Car Tech A to Z: F is for fly-by-wire, four-wheel drive and more

The letter F in our A to Z of car tech series is for four-wheel drive, fly-by-wire and future technology.

The technology contained within the modern motor car can be both fascinating and slightly baffling. Most such technology exists to make our cars safer, more efficient and just better than ever to drive but some of it can be quite confusing for the average motorist. In this A to Z series we will attempt to unravel the mystery of technology that is the modern motor car. This week, we’re visiting the letter F…

F is for…Fly by wire

Fly by wire technology was, as you can probably guess from the name, developed by the aircraft industry to help reduce the manual flight requirements of a pilot with computer controlled electronics. In short, to allow a plane to fly itself when necessary.

In vehicles this technology is used to control the throttle (hence the term fly-by-wire accelerator) but also an increasing number of other elements within a car – to a point where autonomous driving, where a car can drive itself – is already upon us.

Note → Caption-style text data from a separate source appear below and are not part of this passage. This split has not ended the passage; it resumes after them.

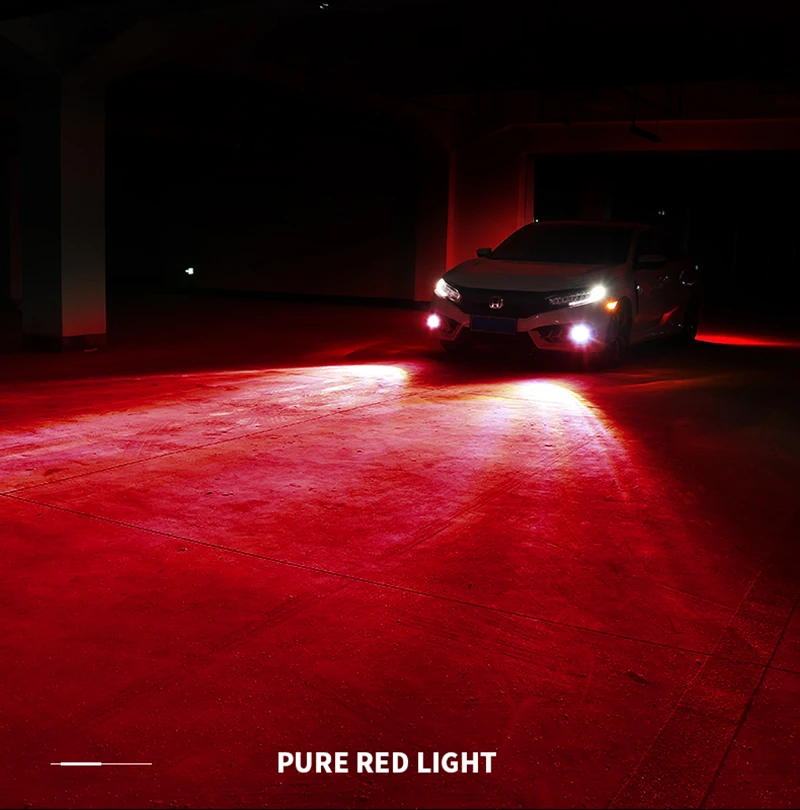 Red color Авто Передние противотуманные лампочки двойной цвет 55 Вт H11 H3 H7 9005 HB3 9006 HB4 880 881 H27 светодиодный свет белый желтый синий красный розовый - Испускаемый цвет: Red color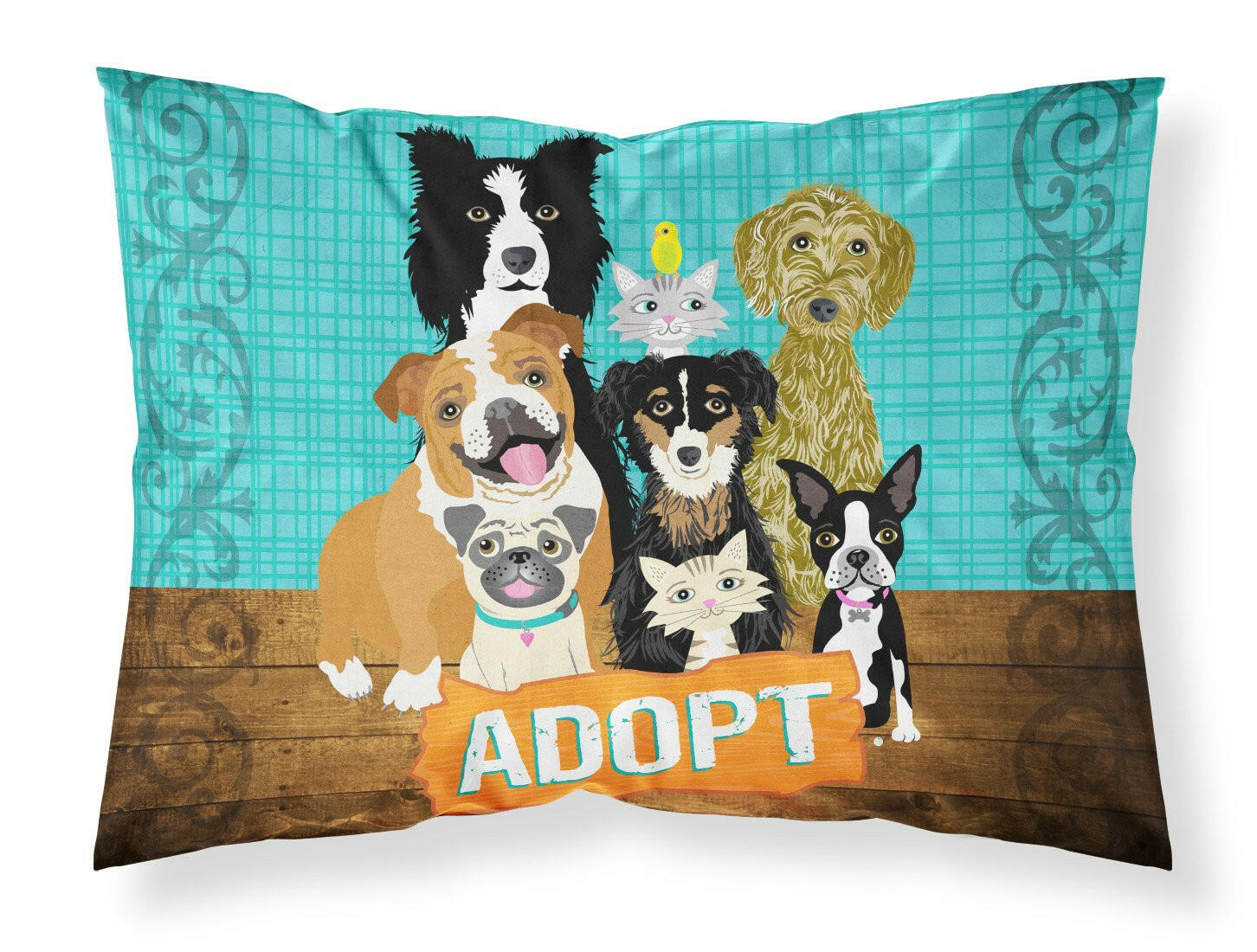 Adopt Pets Adoption Fabric Standard Pillowcase VHA3007PILLOWCASE by Caroline's Treasures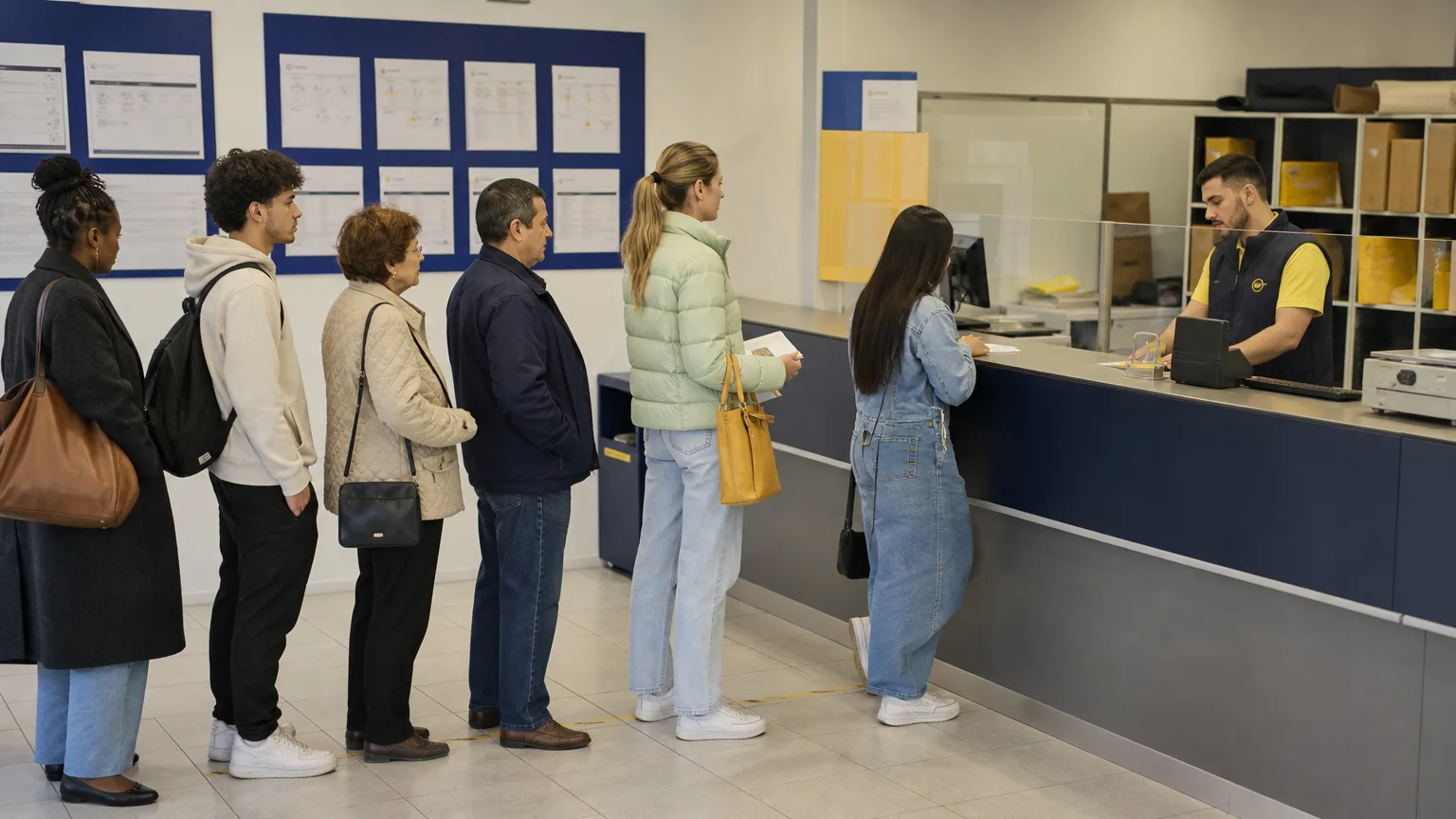 Oficinas de Correos con personas haciendo fila para trámites, simbolizando la prórroga para inmigrantes sin documentación.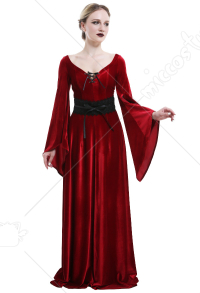 中世 ルネサンス 衣装 ゴシック 手作り エルフ 魔女 ワインレッド ベルベット ドレス
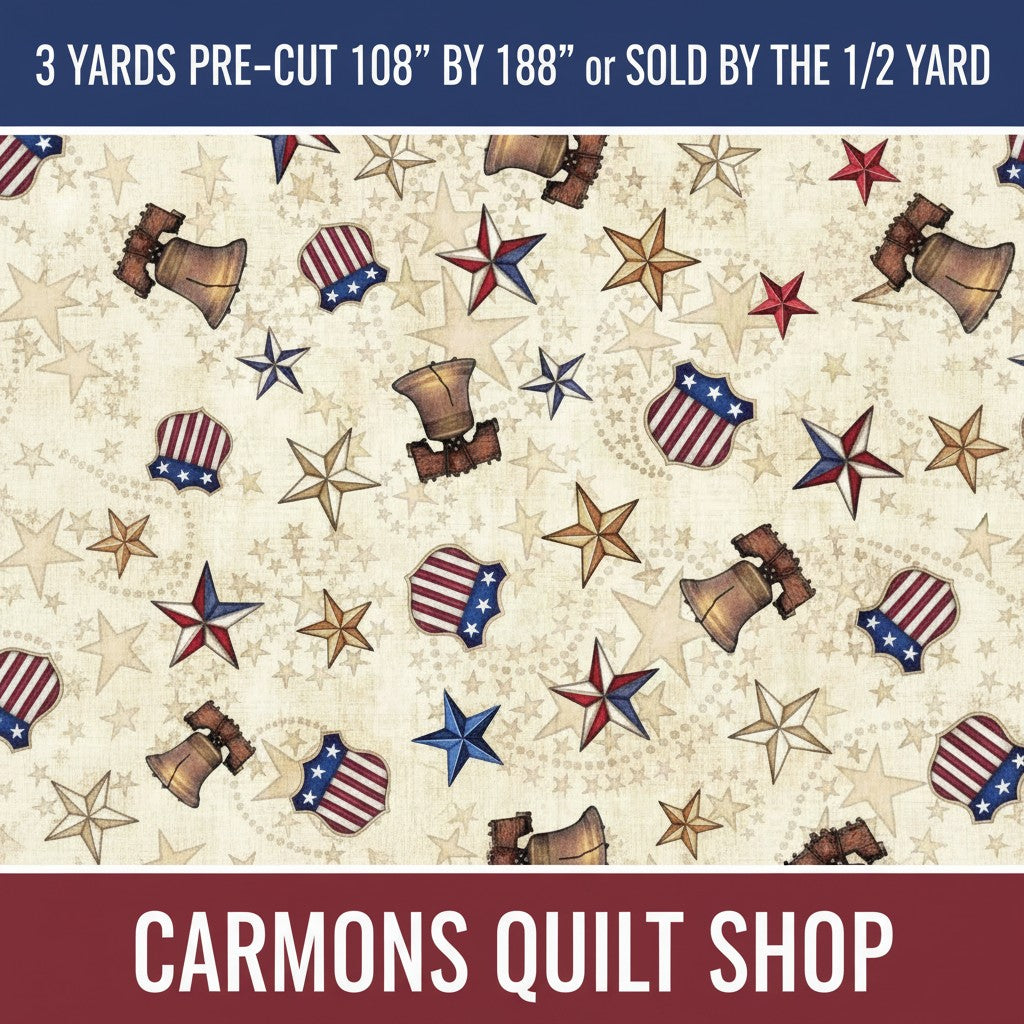 Carmon's Quilt Shop 108-inch wide cotton quilting fabric featuring a patriotic Liberty Bell and star print.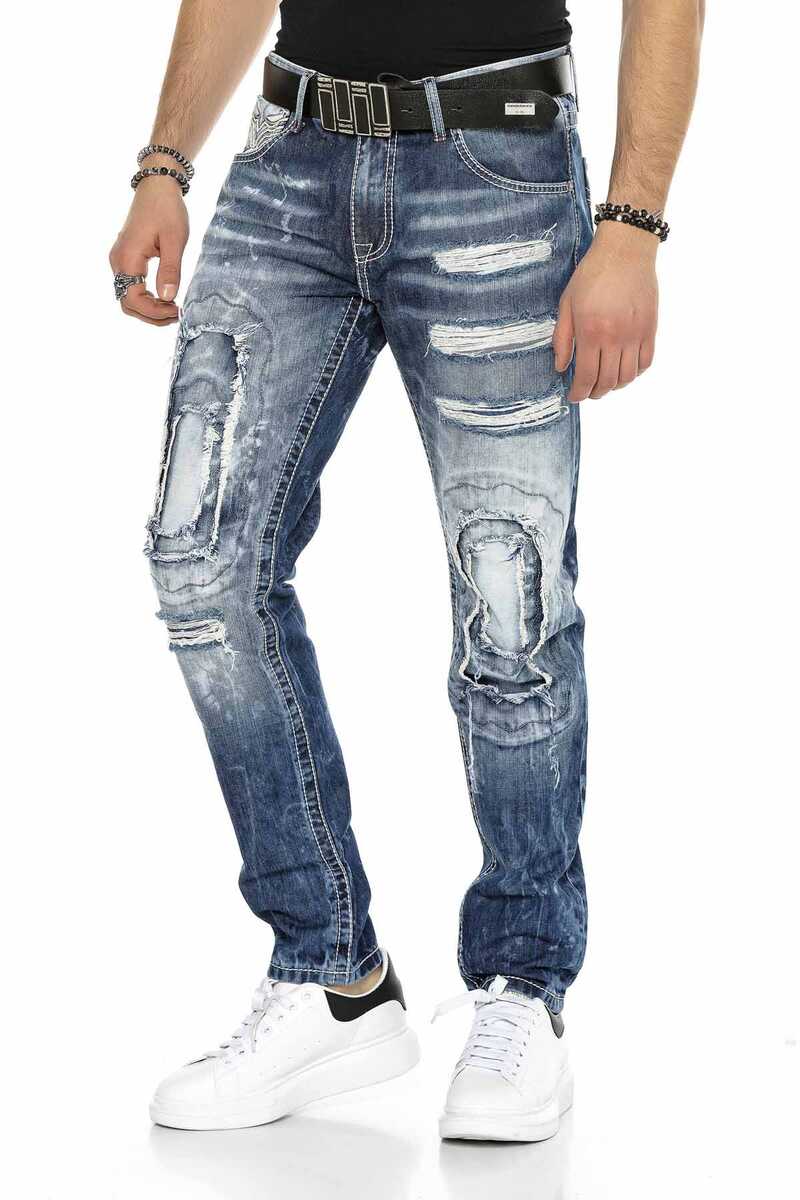 CD611 Jeans cómodos para hombres en diseño de capa inusual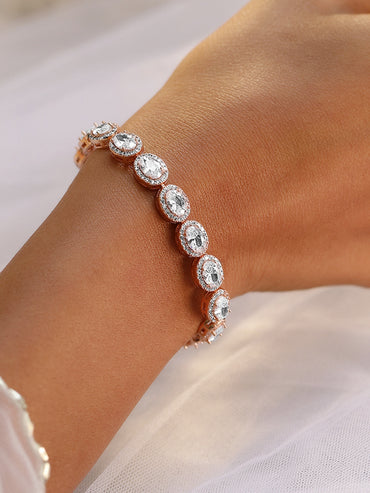 Rubans 18K Rose Gold-Plated Oval-Cut AAA Cubic Zirconia Studded Premium Tennis Bracelet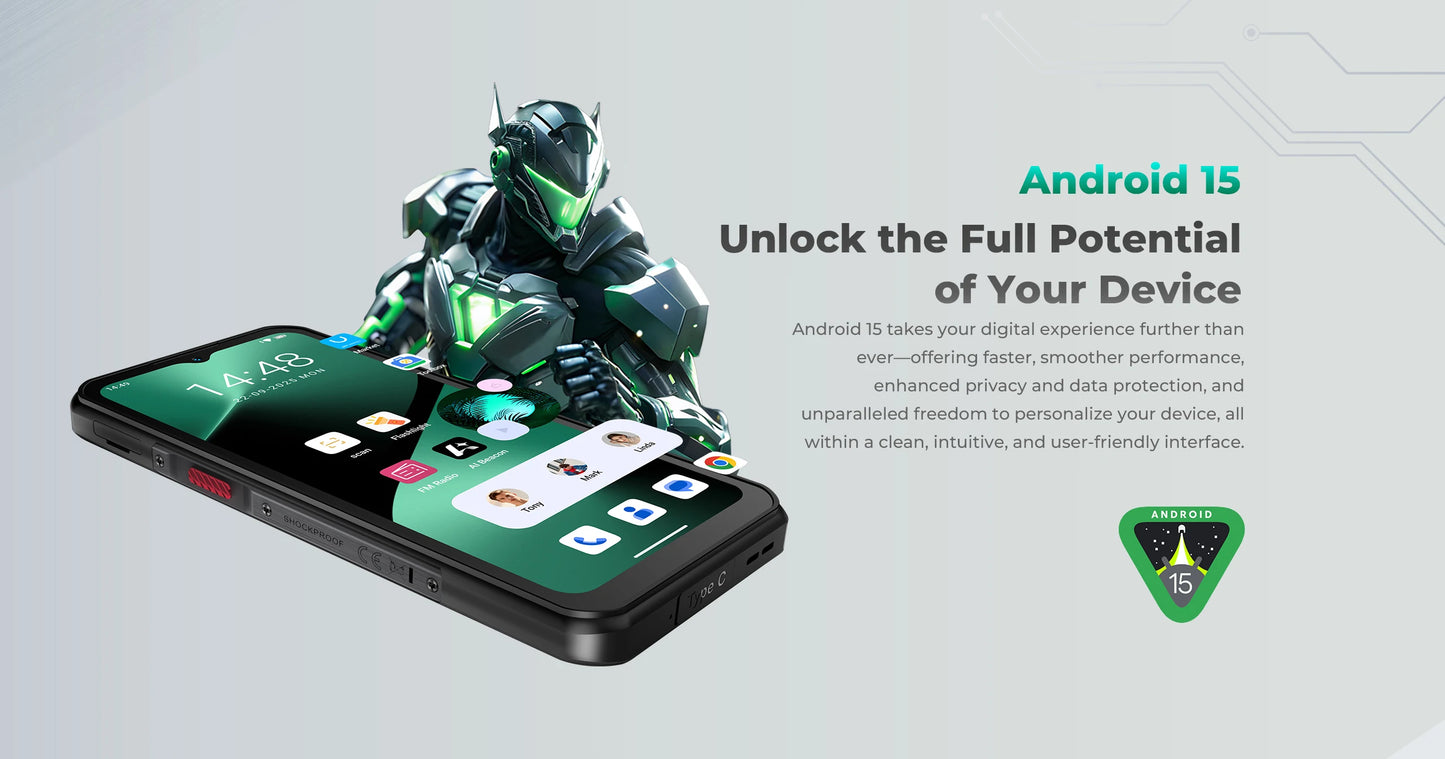 Oukitel WP62 5G Rugged Smartphone 48GB(16+32) +512GB, 6.6" FHD+ 108MP Camera Mobile Phone, 11000mAh 33W, Android 15 Cellphone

All Jaguar Landrovers have fly by wire throttles, where simple electric signals detected via sensors on either the accelerator pedal or cruise control switch on the steering wheel are translated into more or less power being deployed by the engine. Eventually fly by wire technology will enable most cars to drive themselves, in much the same way that most planes have been able to for many years.

F is for…four-wheel-drive

In one sense the term four-wheel-drive is entirely self explanatory. But there are many different ways in which a vehicle can deploy its propulsion via all four wheels. And the first ever 4WD system was developed by an English engineer called Bramah Joseph Diplock in 1893, and it was used to power a traction engine.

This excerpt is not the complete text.